(The data):
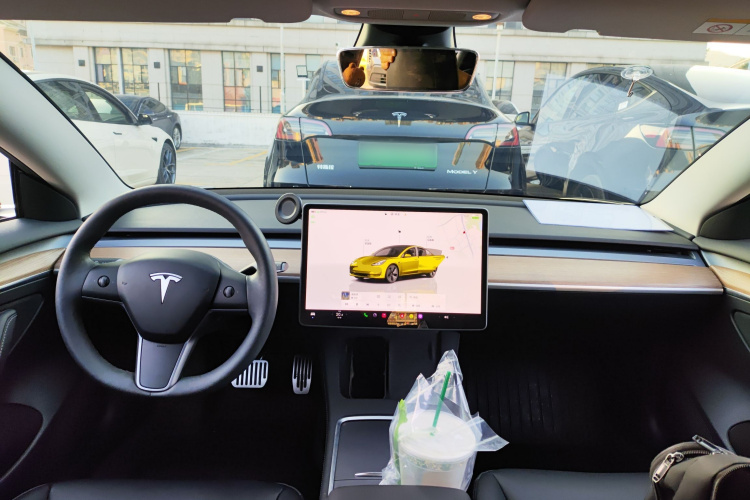 特斯拉 Model 3 2022款 后轮驱动版中控内饰7002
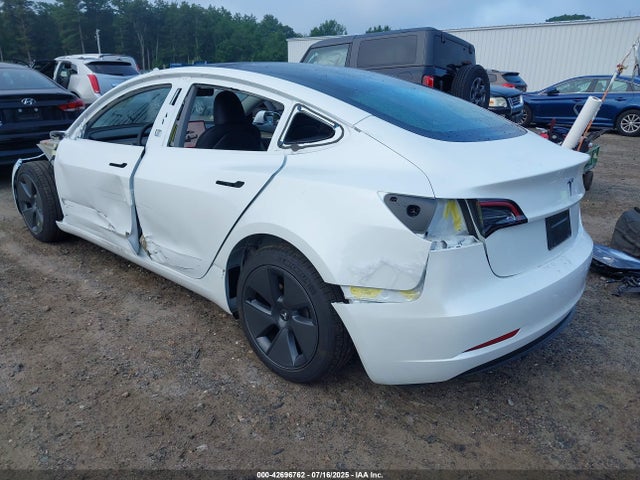 2023 TESLA MODEL 3 5YJ3E1EA9PF656036 Photo 2
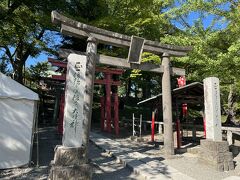 神社もありましたが、こちらは対照的にひっそりとしていました。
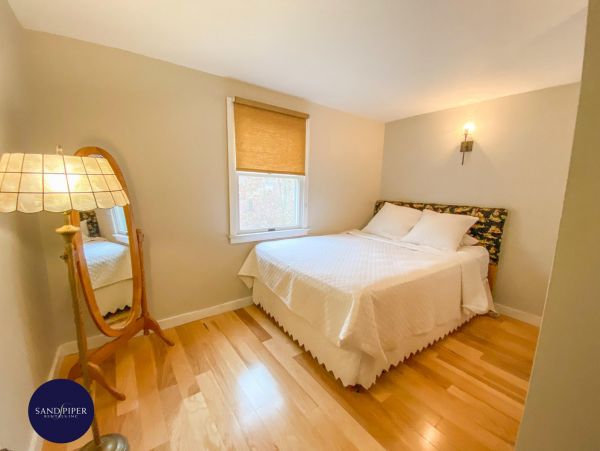 Cape Cod Home 994980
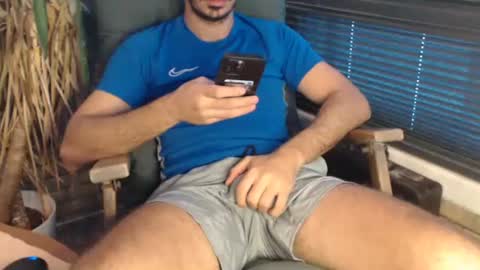 naughty pervert masterboy online show from January 19, 2025, 1:33 pm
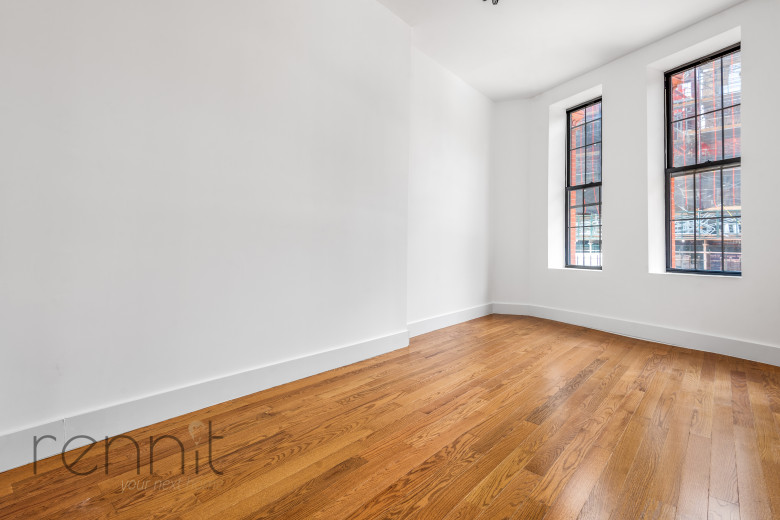 23 Spencer Pl, Apt 1R Image 8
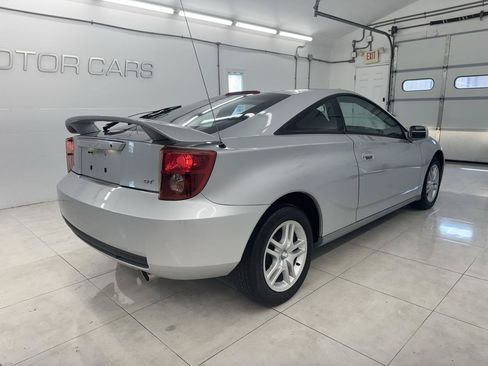 Used 2003 Toyota Celica GT w/ Upgrade Value Pkg FWD image 5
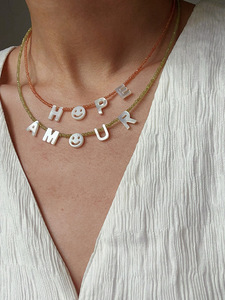 Collar Personalizado de Verano con Nombre de Perlas, Abalorios de Cristal y Letra de Concha Estética - Product Image 3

(Task): Your task is to quote exactly the lines from the one with "神社もありましたが、こちらは対照的にひっそりとしていました。" through the end of the material, both included, without reproducing any pictures.

(Exercise output):
 神社もありましたが、こちらは対照的にひっそりとしていました。
 Cape Cod Home 994980
 naughty pervert masterboy online show from January 19, 2025, 1:33 pm
 23 Spencer Pl, Apt 1R Image 8
 Used 2003 Toyota Celica GT w/ Upgrade Value Pkg FWD image 5
 Collar Personalizado de Verano con Nombre de Perlas, Abalorios de Cristal y Letra de Concha Estética - Product Image 3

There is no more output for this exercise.